• **To do**
After locating the line with "კოლხეთი 1913 (ფოთი) - მერანი (მარტვილი) 2:1", set down that line and all the lines that follow it, unchanged, to the end of the records; omit the pictures.
*** Records shown ***
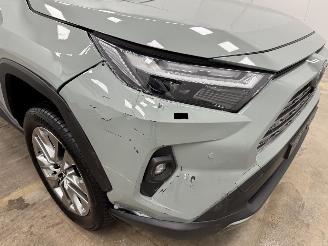 Toyota Rav-4 2.5 Hybrid Panoramadak Navi Clima picture 20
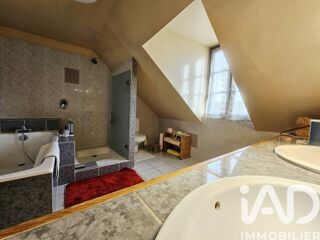  Maison � vendre 14 pi�ces 609 m�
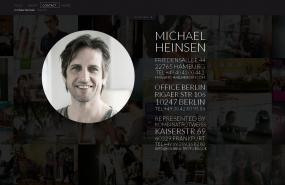 Michael Heinsen景摄影师个人官方网站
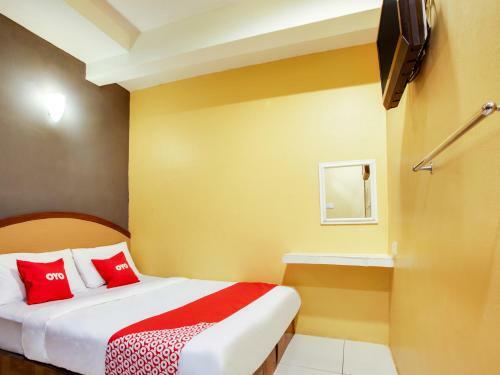 Oyo 89656 Melati Hotel Nilai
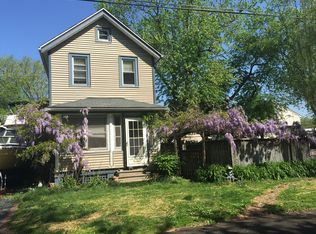 33 Jackson St, South Bound Brook, NJ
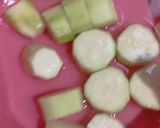 Foto langkah ke 1 dari resep Sayur Bening Oyong & Suun.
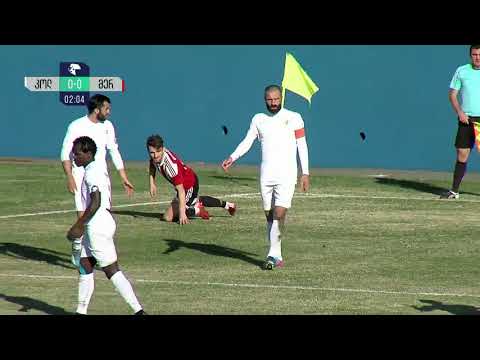 კოლხეთი 1913 (ფოთი) - მერანი (მარტვილი) 2:1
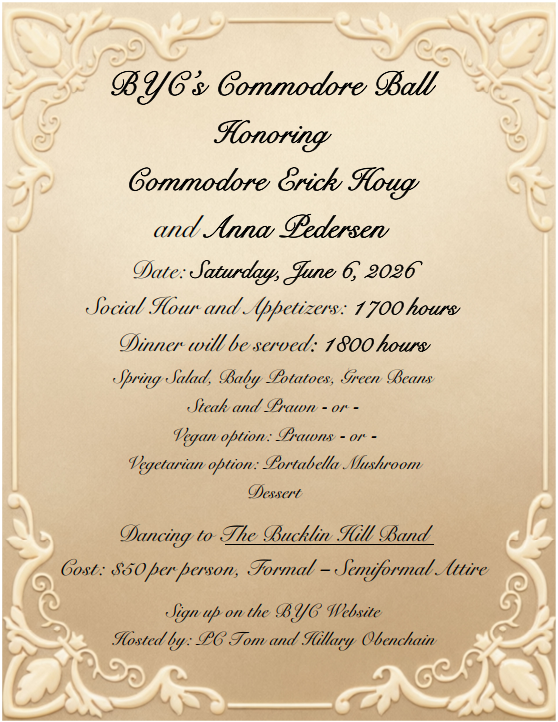 2026 Commodore Ball rev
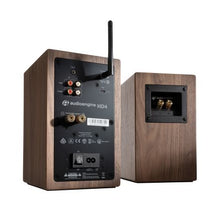 Next Gen Home Music System w/ Bluetooth aptX Adaptive (Walnut)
*** End of Records shown ***
• **Exercise solution**
 კოლხეთი 1913 (ფოთი) - მერანი (მარტვილი) 2:1
 2026 Commodore Ball rev
 Next Gen Home Music System w/ Bluetooth aptX Adaptive (Walnut)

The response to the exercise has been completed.